A depraved Zionist anti-Jew has betrayed himself by trying to deflect from the true question. [It's part of the hasbarah-monger playbook. Until Baruch Goldstein showed me the true nature of Zionism on Purim 1994, I used to teach hasbarah-mongering.] With respect to the Ohio decision, there is only one question: Can Twitter escape its common carriage obligations? Twitter can always disentangle is common carriage tweet service from its non-common carriage microblogging service.
Here is the federal statute. 47 U.S. Code § 230 (f)(2) Interactive computer service The term “interactive computer service” means any information service, system, or access software provider that provides or enables computer access by multiple users to a computer server, including specifically a service or system that provides access to the Internet and such systems operated or services offered by libraries or educational institutions. How does the above definition apply of a 2022 social medium platform? I know how the definition applies to AOL, Compuserve, and Prodigy in 1996. Such an Internet On-Ramp does not exist in 2022. A federal court has no authority to rewrite or to create federal law. If a lower federal court violates Constitution Article I Section I, SCOTUS must slap that Court down hard and explain the actual law. SCOTUS has done so in the past and seems poised to do so again in several areas.

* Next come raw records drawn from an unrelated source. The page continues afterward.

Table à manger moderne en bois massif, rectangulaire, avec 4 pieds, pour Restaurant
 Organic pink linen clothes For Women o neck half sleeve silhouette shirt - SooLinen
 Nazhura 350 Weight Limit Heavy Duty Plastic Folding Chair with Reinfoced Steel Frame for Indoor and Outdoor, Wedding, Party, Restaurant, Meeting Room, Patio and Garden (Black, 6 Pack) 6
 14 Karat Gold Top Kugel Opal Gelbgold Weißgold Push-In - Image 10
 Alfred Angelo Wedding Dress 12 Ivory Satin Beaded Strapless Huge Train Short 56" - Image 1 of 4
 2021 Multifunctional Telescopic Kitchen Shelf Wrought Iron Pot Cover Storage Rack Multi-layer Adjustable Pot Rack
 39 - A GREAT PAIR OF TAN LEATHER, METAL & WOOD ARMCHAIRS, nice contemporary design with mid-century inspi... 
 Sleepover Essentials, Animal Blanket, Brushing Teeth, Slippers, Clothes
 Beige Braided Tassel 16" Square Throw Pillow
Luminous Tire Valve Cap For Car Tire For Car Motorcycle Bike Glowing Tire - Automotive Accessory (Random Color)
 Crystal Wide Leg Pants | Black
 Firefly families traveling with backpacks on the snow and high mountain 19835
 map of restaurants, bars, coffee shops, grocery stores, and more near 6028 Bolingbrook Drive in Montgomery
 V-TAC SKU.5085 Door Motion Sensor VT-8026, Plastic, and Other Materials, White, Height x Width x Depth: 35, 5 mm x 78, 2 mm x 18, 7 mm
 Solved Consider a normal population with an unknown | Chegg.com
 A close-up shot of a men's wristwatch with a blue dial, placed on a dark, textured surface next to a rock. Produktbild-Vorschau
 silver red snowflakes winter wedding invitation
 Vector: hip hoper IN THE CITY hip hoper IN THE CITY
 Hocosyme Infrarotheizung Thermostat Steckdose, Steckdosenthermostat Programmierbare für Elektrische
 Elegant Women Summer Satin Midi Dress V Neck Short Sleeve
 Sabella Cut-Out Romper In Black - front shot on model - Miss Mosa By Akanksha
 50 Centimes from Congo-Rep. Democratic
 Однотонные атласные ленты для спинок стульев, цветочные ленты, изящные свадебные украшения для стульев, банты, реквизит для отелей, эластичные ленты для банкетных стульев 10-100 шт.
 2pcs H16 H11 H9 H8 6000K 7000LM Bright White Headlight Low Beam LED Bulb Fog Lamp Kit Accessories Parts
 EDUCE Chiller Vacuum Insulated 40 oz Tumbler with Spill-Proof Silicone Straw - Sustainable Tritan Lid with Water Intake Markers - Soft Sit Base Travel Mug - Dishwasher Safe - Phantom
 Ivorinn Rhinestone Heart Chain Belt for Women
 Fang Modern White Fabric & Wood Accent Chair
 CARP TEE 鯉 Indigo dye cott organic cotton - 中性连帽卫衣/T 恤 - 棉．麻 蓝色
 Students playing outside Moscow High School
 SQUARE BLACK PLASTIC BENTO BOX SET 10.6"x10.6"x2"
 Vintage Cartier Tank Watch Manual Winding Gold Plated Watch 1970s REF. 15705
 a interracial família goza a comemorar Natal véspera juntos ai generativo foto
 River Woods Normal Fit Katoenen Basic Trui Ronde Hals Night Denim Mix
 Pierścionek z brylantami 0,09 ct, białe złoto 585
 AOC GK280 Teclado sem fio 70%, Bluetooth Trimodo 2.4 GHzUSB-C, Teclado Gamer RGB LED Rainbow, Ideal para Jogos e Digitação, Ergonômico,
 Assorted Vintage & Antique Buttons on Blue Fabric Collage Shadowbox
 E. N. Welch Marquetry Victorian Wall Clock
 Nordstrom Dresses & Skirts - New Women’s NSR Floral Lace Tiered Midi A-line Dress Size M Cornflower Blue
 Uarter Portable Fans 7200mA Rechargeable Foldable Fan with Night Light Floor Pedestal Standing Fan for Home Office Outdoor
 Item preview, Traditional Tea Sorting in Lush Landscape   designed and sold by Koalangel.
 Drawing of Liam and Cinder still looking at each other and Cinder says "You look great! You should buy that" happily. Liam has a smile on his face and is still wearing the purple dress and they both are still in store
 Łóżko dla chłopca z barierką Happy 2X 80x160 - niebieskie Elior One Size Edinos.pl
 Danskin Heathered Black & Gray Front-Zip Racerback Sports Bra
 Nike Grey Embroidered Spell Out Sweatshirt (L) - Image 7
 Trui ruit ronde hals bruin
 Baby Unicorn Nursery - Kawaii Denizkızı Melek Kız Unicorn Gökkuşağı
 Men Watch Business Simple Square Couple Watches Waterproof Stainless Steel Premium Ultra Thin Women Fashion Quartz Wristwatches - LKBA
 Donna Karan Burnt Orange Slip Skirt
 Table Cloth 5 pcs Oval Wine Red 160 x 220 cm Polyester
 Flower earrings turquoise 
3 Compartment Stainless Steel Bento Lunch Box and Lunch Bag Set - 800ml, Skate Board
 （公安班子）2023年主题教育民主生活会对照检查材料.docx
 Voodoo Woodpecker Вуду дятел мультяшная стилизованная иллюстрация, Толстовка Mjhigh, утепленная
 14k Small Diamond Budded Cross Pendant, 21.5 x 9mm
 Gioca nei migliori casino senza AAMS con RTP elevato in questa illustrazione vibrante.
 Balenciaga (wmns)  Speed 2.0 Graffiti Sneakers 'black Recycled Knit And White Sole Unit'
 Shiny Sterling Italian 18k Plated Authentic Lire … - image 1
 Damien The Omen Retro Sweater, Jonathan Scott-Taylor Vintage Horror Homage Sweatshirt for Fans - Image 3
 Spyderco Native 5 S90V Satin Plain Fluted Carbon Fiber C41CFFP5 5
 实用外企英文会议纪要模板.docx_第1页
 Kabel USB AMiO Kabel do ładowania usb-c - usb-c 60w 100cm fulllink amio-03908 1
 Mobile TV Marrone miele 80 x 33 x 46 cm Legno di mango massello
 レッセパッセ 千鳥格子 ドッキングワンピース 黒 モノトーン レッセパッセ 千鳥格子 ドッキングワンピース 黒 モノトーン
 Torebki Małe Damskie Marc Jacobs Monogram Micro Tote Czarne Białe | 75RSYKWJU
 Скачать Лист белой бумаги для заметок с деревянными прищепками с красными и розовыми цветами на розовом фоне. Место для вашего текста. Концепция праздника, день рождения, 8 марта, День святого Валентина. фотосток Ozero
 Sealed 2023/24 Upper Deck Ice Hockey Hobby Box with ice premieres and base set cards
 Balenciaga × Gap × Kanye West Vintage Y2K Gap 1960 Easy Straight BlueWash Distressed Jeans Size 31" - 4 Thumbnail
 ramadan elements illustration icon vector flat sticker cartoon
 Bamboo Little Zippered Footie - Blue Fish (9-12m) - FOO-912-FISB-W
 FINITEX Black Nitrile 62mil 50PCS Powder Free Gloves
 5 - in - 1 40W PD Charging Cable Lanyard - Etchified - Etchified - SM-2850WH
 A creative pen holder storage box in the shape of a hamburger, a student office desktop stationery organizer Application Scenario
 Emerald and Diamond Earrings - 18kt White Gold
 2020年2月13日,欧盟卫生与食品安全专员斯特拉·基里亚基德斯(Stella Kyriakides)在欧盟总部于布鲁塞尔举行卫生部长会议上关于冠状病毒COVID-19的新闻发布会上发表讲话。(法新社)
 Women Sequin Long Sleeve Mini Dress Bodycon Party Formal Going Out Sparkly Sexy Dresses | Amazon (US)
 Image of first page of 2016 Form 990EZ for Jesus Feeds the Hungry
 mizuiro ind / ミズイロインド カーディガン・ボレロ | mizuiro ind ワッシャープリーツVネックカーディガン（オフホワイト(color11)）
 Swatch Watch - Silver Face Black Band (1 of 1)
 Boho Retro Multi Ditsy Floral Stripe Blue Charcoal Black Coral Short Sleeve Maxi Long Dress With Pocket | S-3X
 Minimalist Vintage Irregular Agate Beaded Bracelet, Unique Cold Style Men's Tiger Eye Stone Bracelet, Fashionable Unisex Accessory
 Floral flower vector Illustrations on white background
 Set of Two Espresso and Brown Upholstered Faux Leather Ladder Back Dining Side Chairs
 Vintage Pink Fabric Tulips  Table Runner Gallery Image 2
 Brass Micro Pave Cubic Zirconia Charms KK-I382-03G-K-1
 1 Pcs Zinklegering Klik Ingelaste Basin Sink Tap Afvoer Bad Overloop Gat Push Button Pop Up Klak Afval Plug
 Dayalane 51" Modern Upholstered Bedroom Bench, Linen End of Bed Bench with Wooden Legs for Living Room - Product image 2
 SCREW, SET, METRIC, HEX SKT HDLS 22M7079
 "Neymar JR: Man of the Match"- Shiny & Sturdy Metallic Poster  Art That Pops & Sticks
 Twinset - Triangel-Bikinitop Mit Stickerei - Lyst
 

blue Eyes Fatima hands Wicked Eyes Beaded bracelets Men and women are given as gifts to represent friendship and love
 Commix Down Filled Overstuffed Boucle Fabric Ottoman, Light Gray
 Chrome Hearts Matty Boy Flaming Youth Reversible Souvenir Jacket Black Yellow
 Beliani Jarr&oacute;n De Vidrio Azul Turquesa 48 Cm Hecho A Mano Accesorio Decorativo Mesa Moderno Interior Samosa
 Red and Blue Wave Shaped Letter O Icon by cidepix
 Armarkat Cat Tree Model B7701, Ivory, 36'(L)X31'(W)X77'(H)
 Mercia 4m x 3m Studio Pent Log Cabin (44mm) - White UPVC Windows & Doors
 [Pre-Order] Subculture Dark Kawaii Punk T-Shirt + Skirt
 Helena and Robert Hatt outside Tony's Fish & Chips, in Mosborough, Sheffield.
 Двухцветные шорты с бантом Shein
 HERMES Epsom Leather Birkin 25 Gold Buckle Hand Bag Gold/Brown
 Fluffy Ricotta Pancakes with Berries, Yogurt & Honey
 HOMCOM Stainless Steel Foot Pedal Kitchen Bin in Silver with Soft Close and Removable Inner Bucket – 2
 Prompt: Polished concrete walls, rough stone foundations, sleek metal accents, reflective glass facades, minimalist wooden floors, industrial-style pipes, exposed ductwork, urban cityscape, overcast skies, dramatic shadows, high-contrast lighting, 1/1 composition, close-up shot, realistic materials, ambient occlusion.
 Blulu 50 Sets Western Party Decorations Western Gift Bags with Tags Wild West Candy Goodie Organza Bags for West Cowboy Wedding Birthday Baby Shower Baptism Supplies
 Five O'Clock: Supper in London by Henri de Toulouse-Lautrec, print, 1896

I stated well known facts and history about the white racial supremacist European Zionist movement,
Please Learn Something about Title II of the CRA of 1964
If a town puts up a "democracy" wall outside the town hall, and residents can post political posters but takes down every poster from a non-white resident if the poster supports white-non-white equality or white-not-white intermarriage as Olivia and I did, the town violates Title II of the CRA of 1964. The hypothetical controversy above is not even a close call under Title II of the CRA of 1964.